M. [X] a présenté sa requête aux fins d'indemnisation le 27 mars 2020, dans le délai de six mois suivant le jour où la décision de relaxe est devenue définitive comme en atteste le certificat de non appel produit ; cette requête est signée par son avocat et la décision de relaxe n'est pas fondée sur un des cas d'exclusion visé à l'article 149 du code de procédure pénale.
La demande de M. [X] est donc recevable au titre d'une détention provisoire indemnisable du 11 novembre 2016 au 25 octobre 2019, soit pour une durée de deux ans, onze mois et quatorze jours.
Sur l'indemnisation
- Le préjudice moral
M. [X] allègue d'un choc carcéral particulièrement important au regard de son âge au moment de son incarcération, de la durée de la détention, de la séparation familiale subie, de la souffrance liée au désarroi causé par sa détention à sa famille, de la peine encourue et des conditions d'incarcération particulièrement difficiles.
M. [X], âgé de 21 lors de son incarcération, était célibataire et sans enfant.

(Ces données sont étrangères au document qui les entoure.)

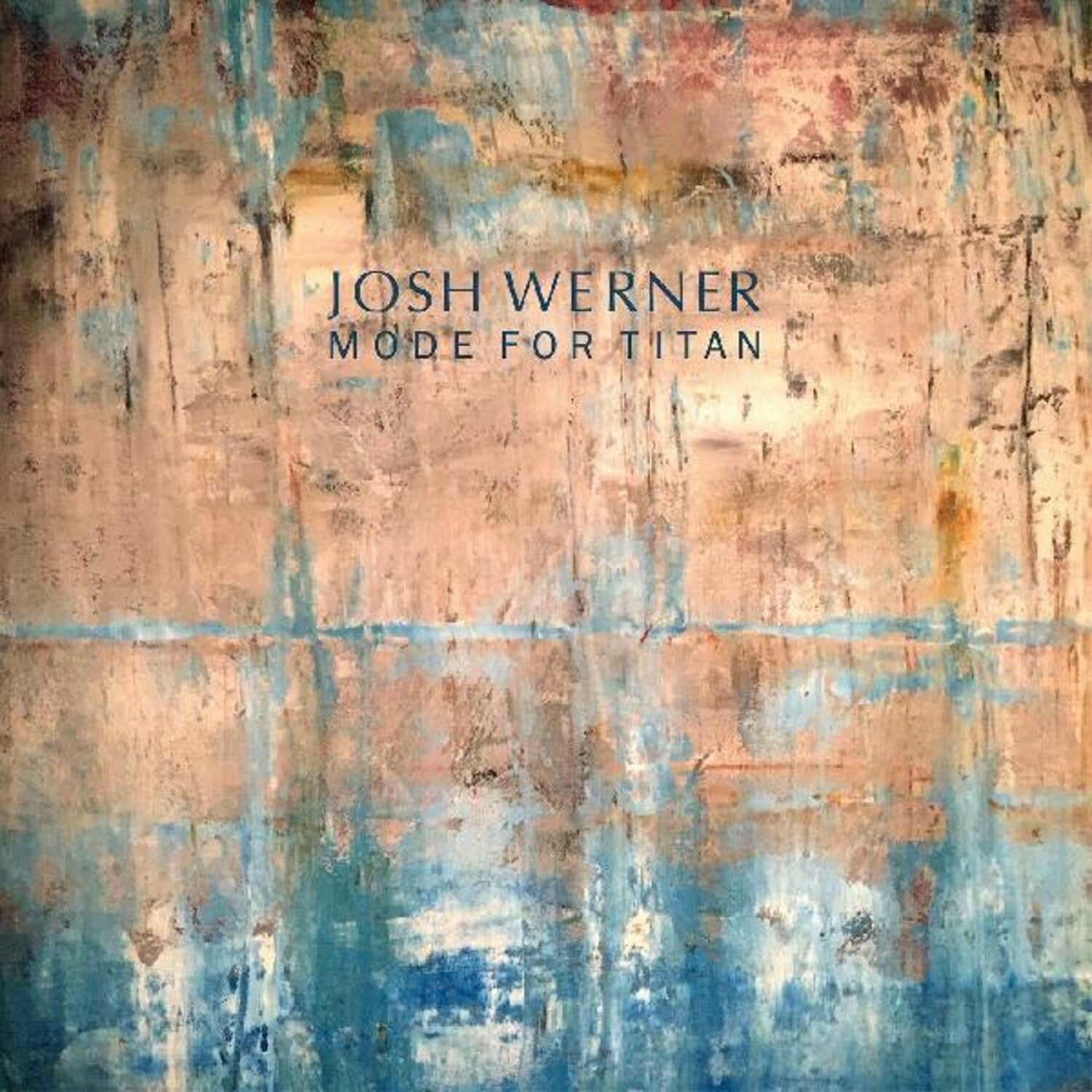 Josh Werner - Mode for Titan - LEVITATION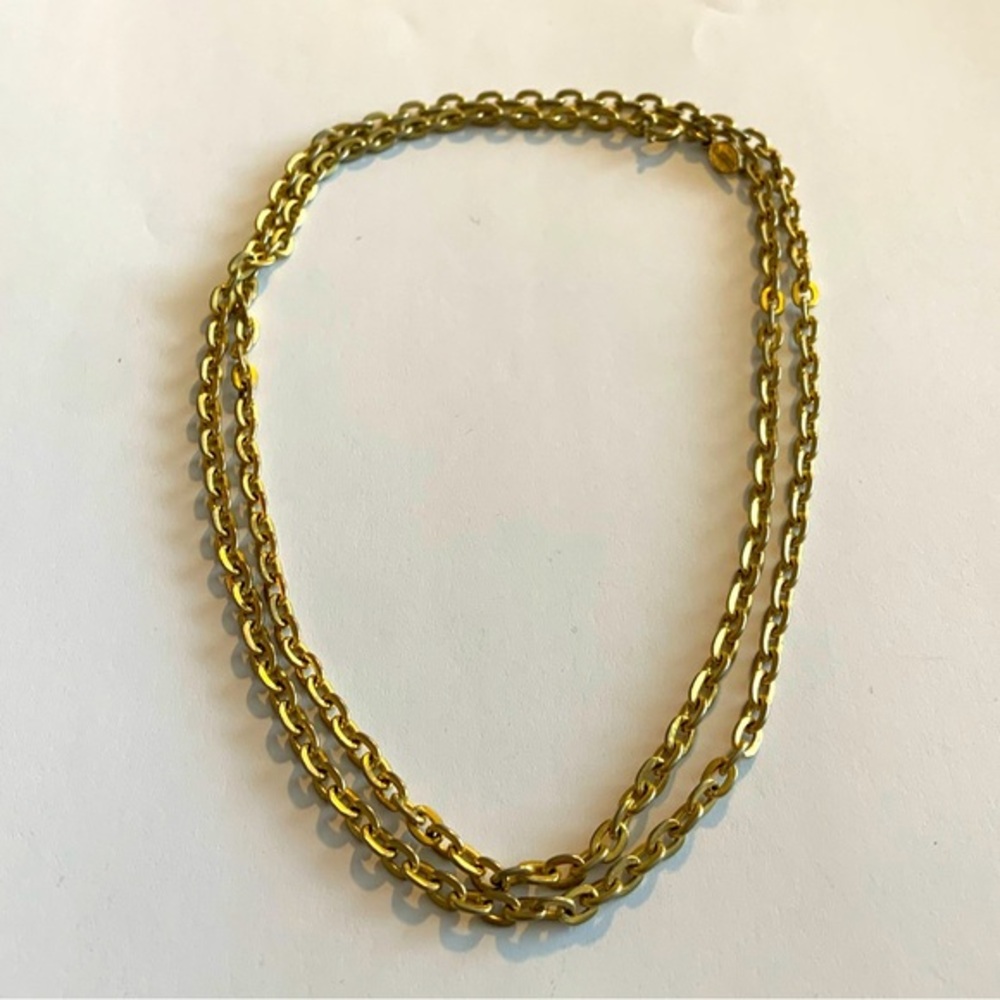 🦖 5 for $20 | Vintage Avon paper clip chain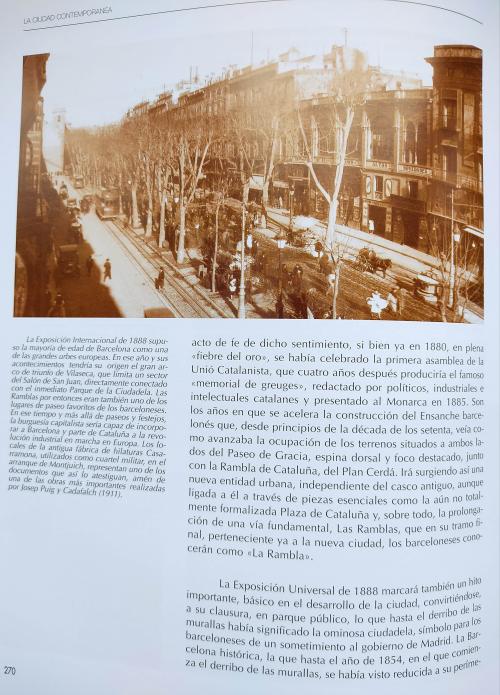LA CIUDAD:  RECORRIDO POR SU HISTORIA.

Il a subi un choc carcéral important qui n'a pas été amoindri par une précédente incarcération.
Doivent être pris en compte, au titre des facteurs d'aggravation du choc carcéral subi par le requérant, son absence d'antécédents judiciaires, la séparation familiale, l'enquête de personnalité établissant que la fratrie était très proche et très soudée, la longueur très importante de la détention et les conditions de détention à la maison d'arrêt de [Localité 4], établissement surpeuplé et vétuste ainsi que l'attestent le rapport du contrôleur général des lieux de privation de liberté daté de novembre 2018 et les articles de presse produits.
La souffrance liée au désarroi causé par sa détention à sa famille est nécessairement comprise dans le préjudice moral résultant de la séparation familiale.
Il convient, en conséquence, de lui allouer la somme de 90 000 euros en réparation de son préjudice moral.
- Le préjudice matériel
M. [X] évoque la perte de chance de trouver un emploi et les frais exposés pour sa défense.
L'agent judiciaire de l'Etat relève que M. [X], qui n'avait pas d'emploi avant son incarcération et était inscrit à Pôle emploi, a cherché et retrouvé un emploi assez rapidement après sa sortie de détention provisoire mais considère que sa perte de chance ne peut être évaluée qu'à hauteur de 30% sur la base de la rémunération nette perçue postérieurement soit 7 363,41 euros. S'agissant des frais d'avocat, il fait valoir que les notes d'honoraires fournies ne sont pas ventilées, de sorte que la demande ne peut qu'être rejetée.
Il est établi d'une part qu'avant son incarcération, M. [X], inscrit depuis le 20 juillet 2016 à Pôle emploi, recherchait un emploi d'employé polyvalent et, d'autre part, qu'il a occupé plusieurs emplois depuis sa levée d'écrou, le premier ayant été obtenu dès janvier 2020, rémunéré au SMIC.
Sa perte de chance, qui est sérieuse au vu de son âge et des justificatifs d'emploi produits, peut être évaluée à 60%, soit compte tenu des rémunérations nettes perçues postérieurement à sa détention, la somme de 15 000 euros.
Enfin, les factures d'honoraires produites mentionnent des diligences autres que celle liées à la détention provisoire proprement dite et elles n'isolent pas le coût des diligences exclusivement liées à la privation de liberté.
Le délégué du premier président n'ayant pas le pouvoir d'évaluer le coût afférent à ces diligences, M. [X] sera débouté de sa demande à ce titre.
Il convient, par suite,de lui allouer la somme de 15 000 euros en réparation de son préjudice matériel.
PAR CES MOTIFS,
Déclarons la requête de M. [X] recevable,
Allouons à M. [X] les sommes suivantes :
- 90 000 euros en réparation de son préjudice moral,
- 15 000 euros en réparation de son préjudice matériel,
- 2 500 euros au titre de l'article 700 du code de procédure civile
Laissons les dépens à la charge de l'Etat.
Décision rendue le 09 Janvier 2023 par mise à disposition de l'arrêt au greffe de la Cour, les parties en ayant été préalablement avisées dans les conditions prévues au deuxième alinéa de l'article 450 du code de procédure civile.